A dejected Rory McIlroy on 18th hole.
A dejected Rory McIlroy on 18th hole. Photograph: Dave Shopland/REX/Shutterstock

Smith, it seemed incredible to recall, had started the day four shots adrift of McIlroy and Hovland. A 74 from Hovland meant he tied fourth with Tommy Fleetwood, who signed off with a 67.

Young, meanwhile, cut a figure of frustration despite signing for a 65. “It probably hurts a little worse to come up one shot short,” he said. “If you lose by eight, you don’t really care.” The 25-year-old’s curious major year has seen two missed cuts, a tied third and a second.

Smith chopped his drive right from the 15th but was able to rescue par from a favourable lie in the rough. McIlroy needed to make short work of the par-five 14th but could not after failing to reach the green in two. Smith recorded a straightforward, two-putt par at the 16th and refused to wobble at the iconic Road Hole despite missing the green with his approach. McIlroy’s last realistic hope came at that penultimate hole following a majestic iron to 18ft. As the birdie putt dribbled past, Smith had one hand and four fingers on the Claret Jug.

Brian Harman and Dustin Johnson tied sixth at minus 13. Bryson DeChambeau joined Patrick Cantlay and Jordan Spieth one shot further back. Adam Scott’s 71 left him 10 adrift of Smith but there were words of praise for Smith. “He’s tough and he has owned his game quickly,” Scott said of his fellow Australian. “He has learned how to play golf very well, very quickly. I think his mind is a big asset, as is his putter. “I don’t know if you can say it was inevitable he would have an opportunity such as this but on the basis of talent? Yes.”

Filippo Celli, the 21-year-old Italian, secured low amateur honours at five under. After finishing three shots shy of that tally, the LIV rebel Sergio García made plain he had not enjoyed his week particularly much. The Open back at St Andrews in 2030 looks a bridge too far from García. “Probably tough,” he said of an appearance in eight years’ time. “And the way everyone is reacting to us, probably even tougher. Things come to an end. It’s the way it is.”

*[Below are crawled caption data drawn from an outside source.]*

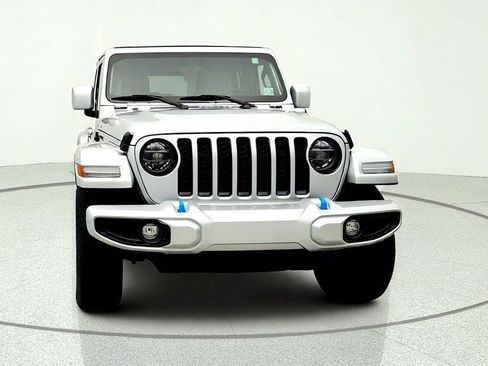 Used 2022 Jeep Wrangler Unlimited Sahara AWD/4WD image 2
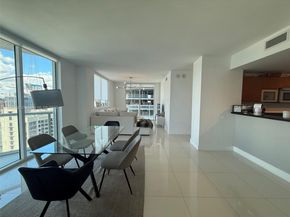244 Biscayne Blvd 3708, Miami FL 33132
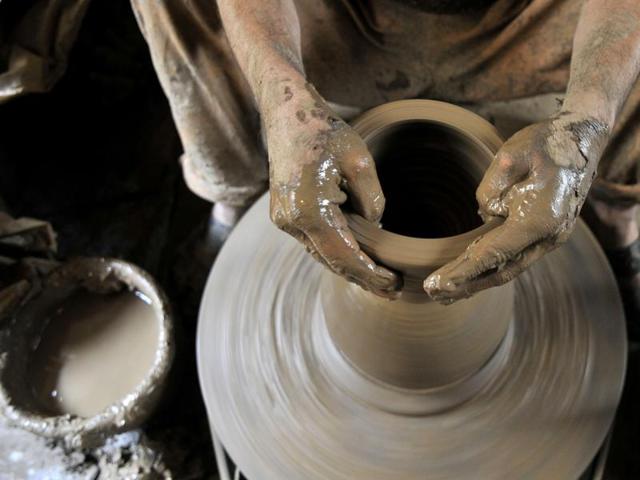 Making this instrument is not easy. It needs to be moulded delicately and requires lot of patience on the part of the potter. (Waseem Andrabi/ HT)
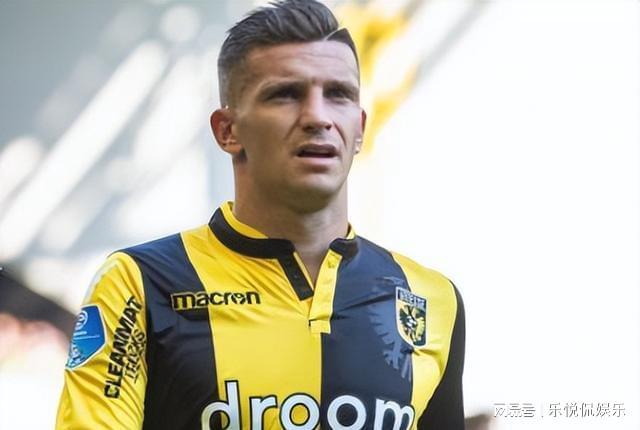 荷兰队既可 荷兰队既可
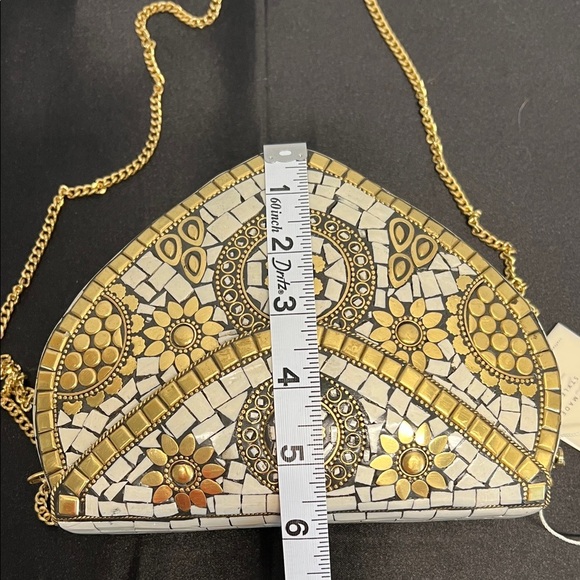 Antik Kraft | Metal Heart Gold & Cream Mosaic Purse w/ Crossbody - Picture 11 of 13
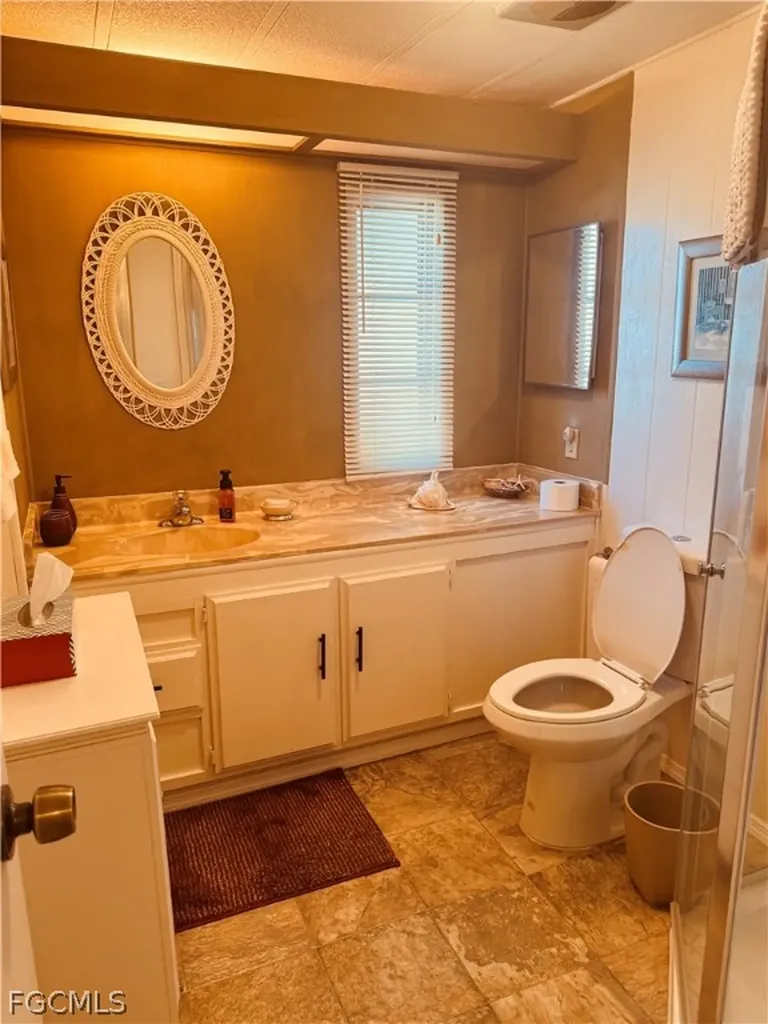 11 Poinsettia Drive Fort Myers FL 33905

Speaking to media from his homeland, the Spaniard added he would be stepping away from the DP World, formerly European, Tour, which will exclude him from future Ryder Cups. García feels he has been victimised in Europe after signing up for the LIV Series. Fevered speculation continues to link Henrik Stenson, Europe’s Ryder Cup captain, with that controversial domain. With Greg Norman fronting the Saudi Arabian‑backed operation, to which McIlroy sits in such stark opposition, there is a joke somewhere about Australians causing grief to the Northern Irishman. Now just may not be the time to tell it.